1 Reply Latest reply on Jun 9, 2009 9:25 PM by zulishk

    New to SSD world

      I'm very to new to SSD drive.  I recently ordered 2 Intel X-25m SSD drives, which im planning to install as OS drive with vista 64 raid0 on an EVGA x58 classified motherboard.  The only thing i know is that i have to upgrade the firmware as soon i receive them.   Is there any thing else i need to know tweaking (Do's & Dont's post installation) these drive?  Also i'm planning to have OS +Apps -- 25 G and DATA (photos and video) 100G on this raid0 partition?  I hope there will be remaining 25G free space.  Is it advisable to have data on my OS drive?  I heard i will loose performance if i fillup space.  Is it wrong assumption?


      Thanks for any inofmraiton and links.

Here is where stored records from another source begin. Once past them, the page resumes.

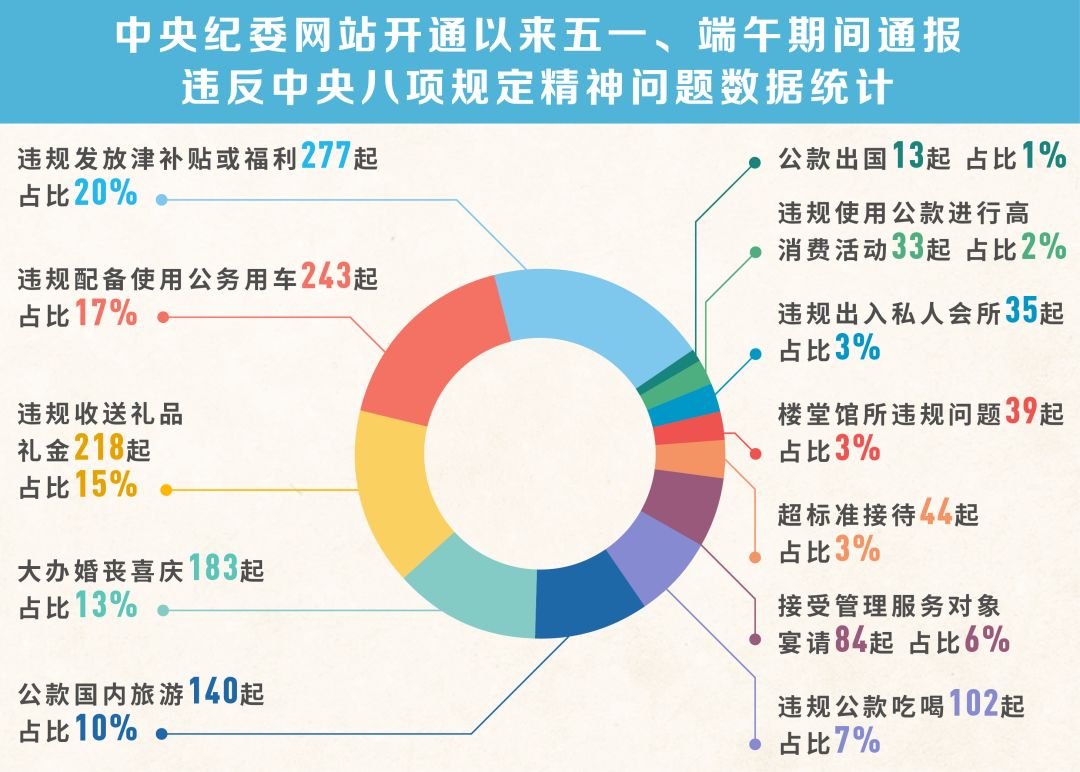 2024新澳免费资科大全,详细解读定义方案_Holo93.321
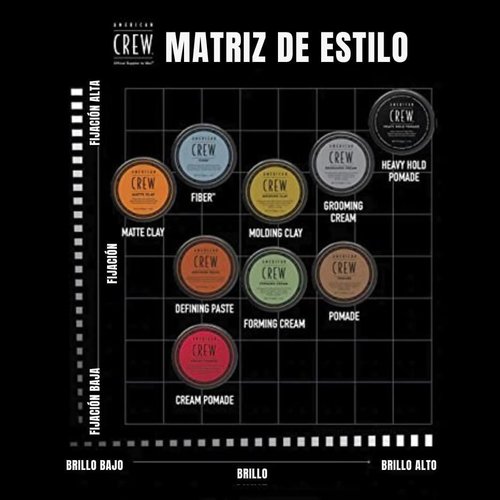 American Crew Hair Pomade - Light Hold & Low Shine Styling Gel, 3 Oz | Perfect for Men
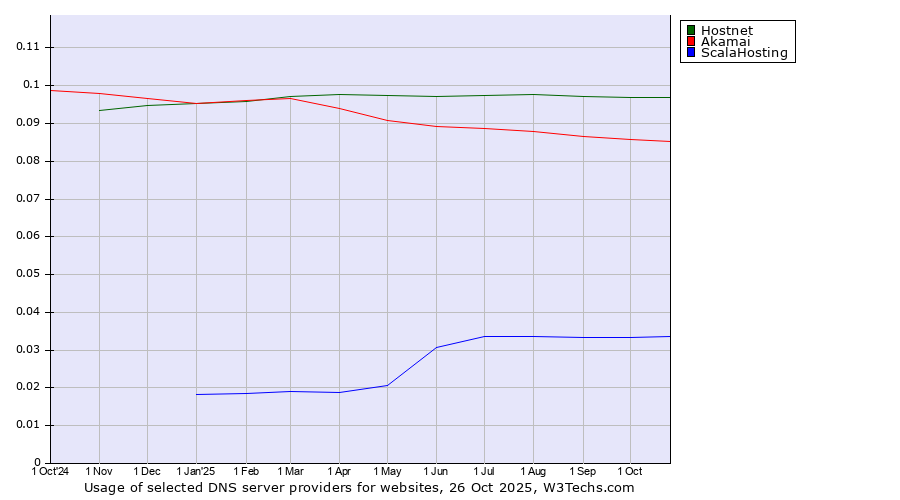 Historical trends in the usage of Hostnet vs. Akamai vs. ScalaHosting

        • 1. Re: New to SSD world
          zulishk

          Do - Consider your motherboard's RAID chipset.  Most on-board RAID is designed for redundancy, not performance.  If you want RAID0 or RAID1 benefits, seriously consider getting a performance RAID card with a RAM cache (see Adaptec's 5405 card).  In any case, test different configurations with benchmarking software before installing all your apps.

           

          Do - utilize a backup system like Norton Ghost to make regular backups of your OS.  SSDs, should they fail, tend to fail without warning.

           

          Don't - use any defragmentation software on your SSD drives.  Wear-leveling makes this ineffective and wasteful.

           

          Don't - store photos, music, multimedia on the SSDs.  Why waste performance SSD storage on static data, unless absolutely critical, when there is cheaper, higher capacity secondary storage available (e.g. external or internal HDDs)?

           

          Recommendation - for the ultimate in OS performance, make room in your budget for something like Gigabyte's iRAM drive or HyperOS's HyperDrive to store your pagefile, TEMP folder, and Temporary Internet Files on.  You'd only need 4-8 GB of Ramdisk storage for this purpose (depending on how much physical RAM you have).  This DDR-based storage makes your system FLY, and this type of data is not critical enough to warrant backup/redundancy (but enough to cause a performance hit in any other configuration).

           

          These pointers are based on my personal experience with all the hardware I mention, and others.